- Exercise instructions
What you return must match the records exactly, except that the pictures are gone.

Captioned web image data
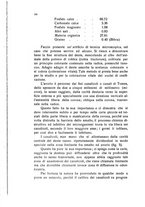 giornale/BVE0249607/1935/unico/00000204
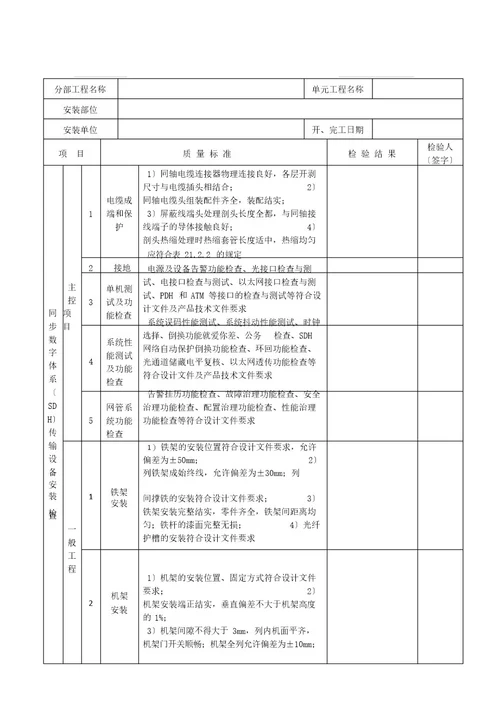 表818通信系统单元工程安装质量验收评定表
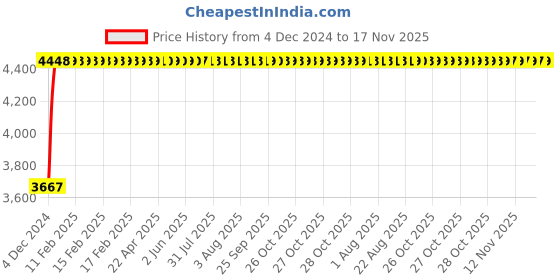 moglix.com Unbrako M33x240mm Half Threaded Socket Head Cap Screw, 210017 (Pack of 3) unbrako Price History Graph from 4 Dec 2024 to 17 Nov 2025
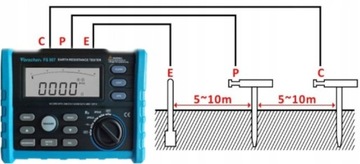 FORSCHER FS907 МОДЕЛЬ ИЗМЕРИТЕЛЯ СОПРОТИВЛЕНИЯ ЗАЗЕМЛЕНИЯ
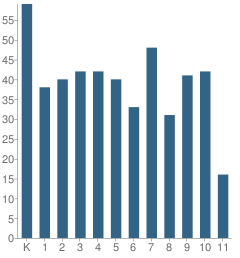 Number of Students Per Grade For Community Montessori School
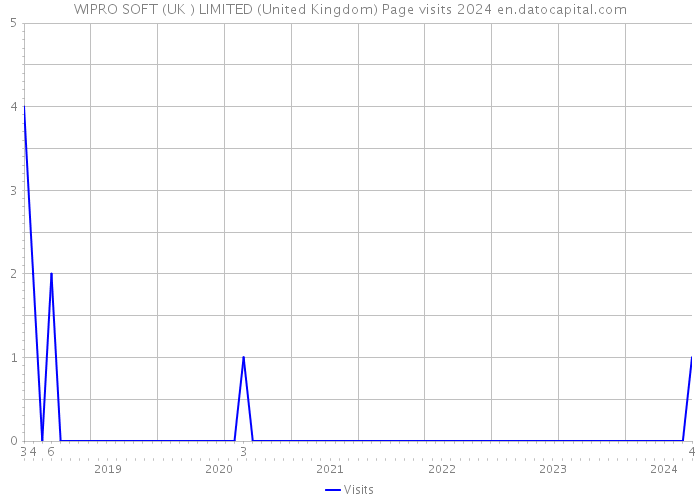 WIPRO SOFT (UK ) LIMITED (United Kingdom) Page visits 2024 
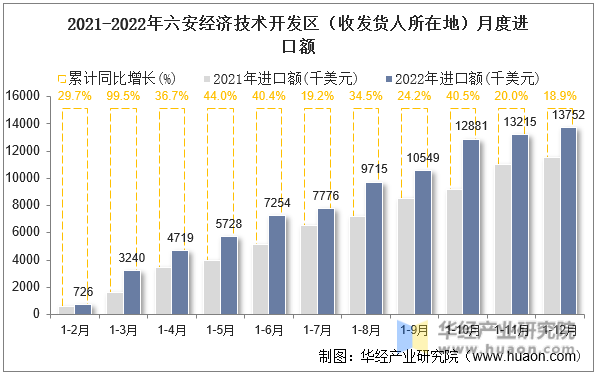 2021-2022年六安经济技术开发区（收发货人所在地）月度进口额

- Answer area
 giornale/BVE0249607/1935/unico/00000204
 表818通信系统单元工程安装质量验收评定表
 moglix.com Unbrako M33x240mm Half Threaded Socket Head Cap Screw, 210017 (Pack of 3) unbrako Price History Graph from 4 Dec 2024 to 17 Nov 2025
 FORSCHER FS907 МОДЕЛЬ ИЗМЕРИТЕЛЯ СОПРОТИВЛЕНИЯ ЗАЗЕМЛЕНИЯ
 Number of Students Per Grade For Community Montessori School
 WIPRO SOFT (UK ) LIMITED (United Kingdom) Page visits 2024 
 2021-2022年六安经济技术开发区（收发货人所在地）月度进口额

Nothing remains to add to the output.